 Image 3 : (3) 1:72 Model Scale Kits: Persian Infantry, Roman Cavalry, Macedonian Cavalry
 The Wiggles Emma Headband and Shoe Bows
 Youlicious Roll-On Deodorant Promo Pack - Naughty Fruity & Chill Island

...

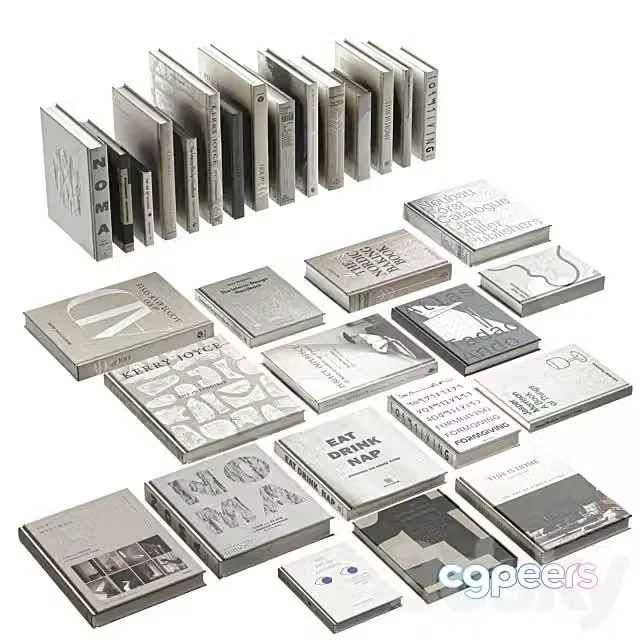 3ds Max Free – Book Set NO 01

▶ Requirement
All that is wanted is the stretch of lines above from the one containing "Image 3 : (3)" through the one containing "Youlicious Roll-On Deodorant", duplicated exactly.

▶ Answer
 Image 3 : (3) 1:72 Model Scale Kits: Persian Infantry, Roman Cavalry, Macedonian Cavalry
 The Wiggles Emma Headband and Shoe Bows
 Youlicious Roll-On Deodorant Promo Pack - Naughty Fruity & Chill Island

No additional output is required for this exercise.